Basically the local buses (First Essex) will be in three shades of green. I'm in two minds as to whether I like it or not. At least its an improvement on the First Bus 'Barbie' livery.

It has taken what - a generation and more -  for the senior management at First to agree that pink / grey / magenta vinyls actually looked awful, shoddy and very unattractive. 
 

The Buses of Somerset unit was the first to break the mould entirely and adopt a modern and quite attractive scheme using greens. Their Cornish neighbours were close behind, helped I am sure by an overlap of management and local vehicle swaps. “Buses of Somerset” green (minus the branding) is a regular sight around Penzance for example. 
 

First Kernow buses has gone further. Many routes are branded and should have buses in one of several bright and generally attractive liveries.

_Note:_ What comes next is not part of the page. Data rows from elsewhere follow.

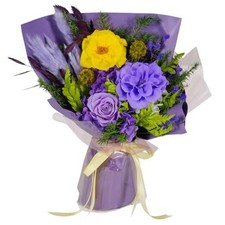 Long Lasting Preserved Flowers Bouquet, Real Rose Flower Home Purple w Yellow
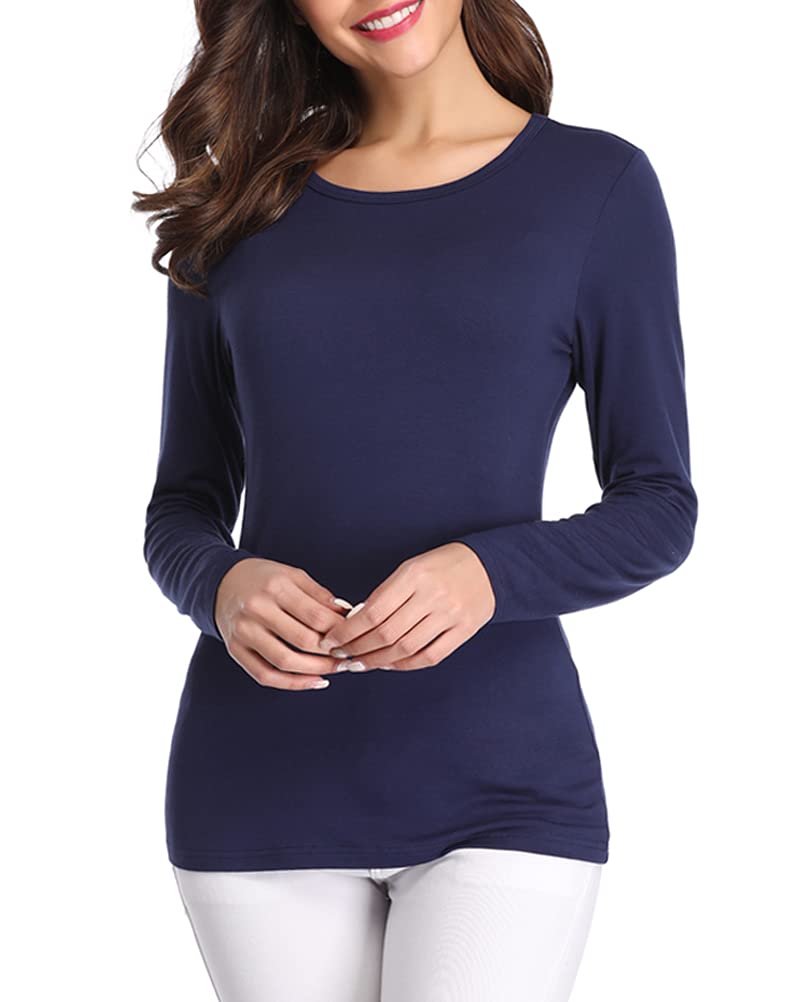 Fuinloth Womens Basic Long Sleeve T Shirts, Crewneck Slim Fit Spandex Tops, Plain Layer Underscrub Tees Navy Blue 2X Large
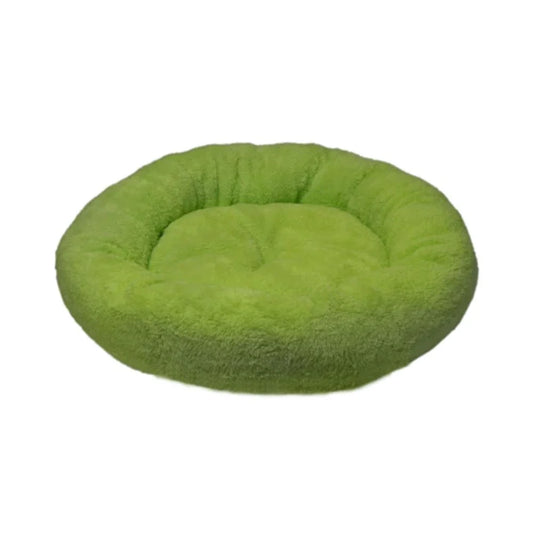 Feline Go Plush Round Bed for Cats and Dogs Green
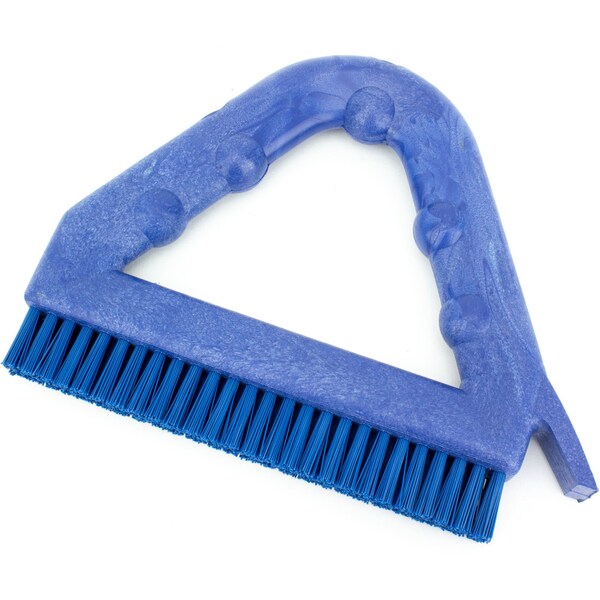 7 in W Tile and Grout Brush, Blue, Polypropylene
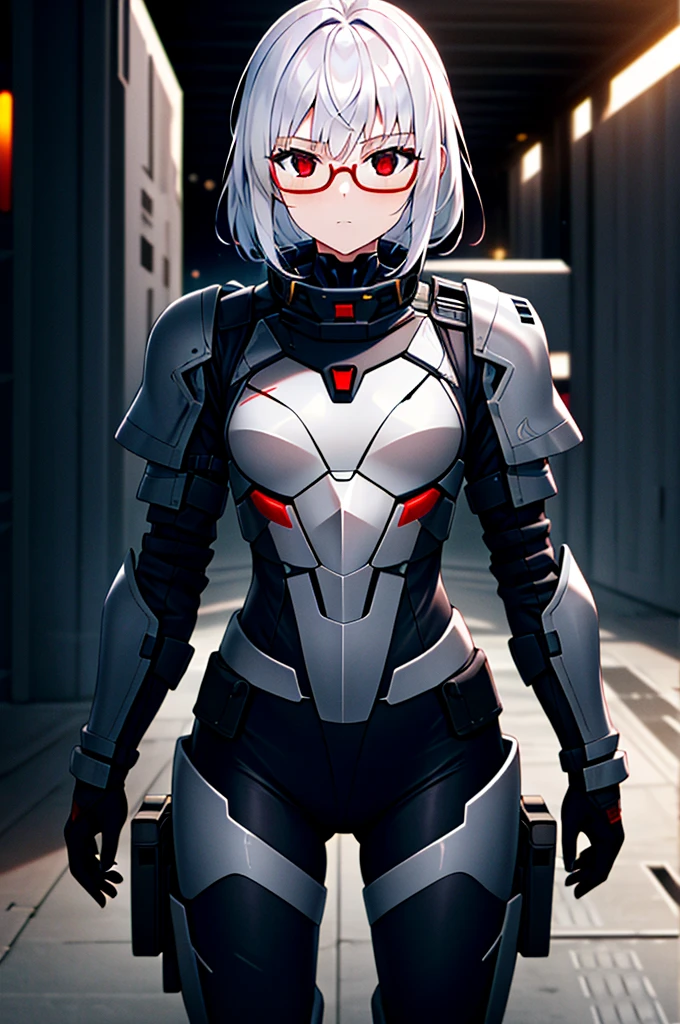 Masterpiece, solo, female, 1girl, 4k, standing, outdoor, white hair, white glasses, short, futuristic black soldier armor, cowboy shot's, Bokeh,red eyes, female soldier, bulletproof soldier armor, flat breast, flat chest, mature women, space soldier armor, guns holster 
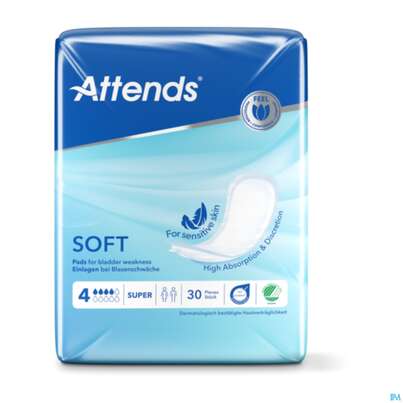 Inkontinenz Attends Einlagen Soft 4 Super 30st, A-Nr.: 4577328 - 01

The concept is creeping out across the group.
 

Whether the Cornish “thing” of abandoning route numbers in favour of more complex names is altogther a good thing is one for the jury.
 

The entire network is pitched largely at the visitor in a manner which strongly suggests to this humble scribe that local traffic - if any - is a nice-to-have add-on to the tourist revenue. They need to focus as much on those who need and use the buses day in day out year round and who pay the wages (or at least some of them) on a wet Tuesday in February. 
 

Even route branding gets confusing. “The Tinner” has two different routes, from Truro to St. Ives or Penzance and each with its own different route through Hayle. At Penzance it meets both the “Tin Coaster” and the “Lands End Coaster” …..  although the umbrella “Atlantic Coasters” brand has been abandoned. You can see the potential for someone to end up on the wrong bus. 
 

What wad wrong with the good old numbers? 1 - 18 covered the entire western end of Cornwall.  The 14 and 18 are now The Tinner. The Tin Coaster was the 10. Lands End Coaster was the 1, 15 and 17B.  Numbers don’t prevent pretty route-branded buses being used.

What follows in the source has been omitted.